Szczególnie dobrze to widać w gazetach, które mają ambicję utrzymywania kolumny „naukowej”, opartej na artykułach w „Science” i Wikipedii. Z praktyki dzienników wiemy, że degradacja dziennikarza w redakcji już nie polega na przesuwaniu go do działu miejskiego, tylko do naukowego właśnie. W dziale miejskim są umieszczani drapieżcy, specjaliści od opisywania dziur w jezdniach, natomiast w naukowym występują gołębice, osoby skłonne dokształcać się z przypadkowych tekstów popularnonaukowych. Mają tu pełną swobodę w przeginaniu, zwłaszcza w opisywaniu najnowszych osiągnięć w leczeniu raka, terapii sclerosis multiplex , w przyszywaniu nowych twarzy, badaniach nad szybkością zachodzenia w ciążę po porodzie oraz dociekaniach, co różni człowieka od szympansa (ale nie odwrotnie, ze względu na wspomnianą poprawność, żeby nie obrazić małpy). Sezon ogórkowy trwa od lata.

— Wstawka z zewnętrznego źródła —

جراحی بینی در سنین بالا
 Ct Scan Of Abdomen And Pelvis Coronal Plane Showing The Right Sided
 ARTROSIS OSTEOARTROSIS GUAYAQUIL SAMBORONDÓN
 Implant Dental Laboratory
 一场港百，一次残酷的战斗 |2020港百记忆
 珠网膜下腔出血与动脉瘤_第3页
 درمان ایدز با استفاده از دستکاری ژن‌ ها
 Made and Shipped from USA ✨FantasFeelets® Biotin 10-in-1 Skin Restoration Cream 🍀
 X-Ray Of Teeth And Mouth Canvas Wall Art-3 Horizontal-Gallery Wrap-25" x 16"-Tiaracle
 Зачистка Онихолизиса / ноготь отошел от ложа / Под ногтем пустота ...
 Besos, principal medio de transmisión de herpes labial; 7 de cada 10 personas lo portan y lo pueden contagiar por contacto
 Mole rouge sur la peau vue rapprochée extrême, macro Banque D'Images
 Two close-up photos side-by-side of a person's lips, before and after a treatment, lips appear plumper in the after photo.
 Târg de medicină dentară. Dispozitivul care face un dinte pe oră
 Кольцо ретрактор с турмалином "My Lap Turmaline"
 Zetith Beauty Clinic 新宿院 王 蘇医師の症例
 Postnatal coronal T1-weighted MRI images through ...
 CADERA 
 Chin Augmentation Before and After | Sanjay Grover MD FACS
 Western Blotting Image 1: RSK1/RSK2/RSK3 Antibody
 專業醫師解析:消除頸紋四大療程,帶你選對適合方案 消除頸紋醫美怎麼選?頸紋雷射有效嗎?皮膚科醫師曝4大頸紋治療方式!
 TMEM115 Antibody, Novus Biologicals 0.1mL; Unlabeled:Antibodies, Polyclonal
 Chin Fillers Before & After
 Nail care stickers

To jest kontekst właśnie rozpoczętej kampanii wyborczej. Obecnie przegięcia w stronę nicości są tak znaczne, a brak orientacji w tym, co myślą sobie ludzie, tak duży (sondaże już się wypaliły), że nagła wojna w Libii okazuje się nie tylko tragiczna, ale i zbawienna. Cud boski, nareszcie pojawiło się coś, co wprowadza porządek, tym bardziej że to nie Sarkozy powinien dowodzić atakiem na Kaddafiego, ale ktoś inny, a Polska powinna się w to włączać lub nie powinna. Komercyjne stacje telewizyjne mogą odetchnąć. Jest materiał na dwadzieścia cztery godziny przez siedem dni w tygodniu. Ale co mają robić gazety, których nalotami na Libię i zbliżaniem się do jej brzegów łodzi podwodnych nie da się zapełnić? Wprowadzają Małysza. Zakończył karierę sportową i był ideałem wszystkich Polaków, a teraz wstąpił w niego demon polityka i to on zastąpi komentatorów. Krytykuje, a jakże, Jarosława Kaczyńskiego (za dużo już tej smoleńszczyzny) i Martę Kaczyńską (mogła pochować rodziców bliżej siebie, a nie na drugim końcu Polski, bo mama Izy jest pochowana blisko i Iza jest u niej codziennie). Gdyby krytykował premiera Donalda Tuska i Bronisława Komorowskiego, a jest za co, wyszłoby na jedno. Chodzi o przegięcie, tak dzisiaj nośny środek oddziaływania medialnego, już ostatecznie zastępujący sensacyjność. Swego czasu genialnie wyczuli tę koniunkturę Szymon Majewski i Kuba Wojewódzki (obaj z TVN), i można powiedzieć, że to oni byli pierwsi. Od nich uczy się cała reszta. Do jakiego poziomu dojdą media przed samymi wyborami? Co nas czeka? Chyba nie będzie emocji, bo to zaczyna być nudne. Lepiej sięgnąć po dobrą prozę, a ostatnio właśnie się pojawiła, niestety ze sporym opóźnieniem: Floriana Czarnyszewicza „Nadberezyńcy”. Pięćset stron wspaniale podanej prawdy.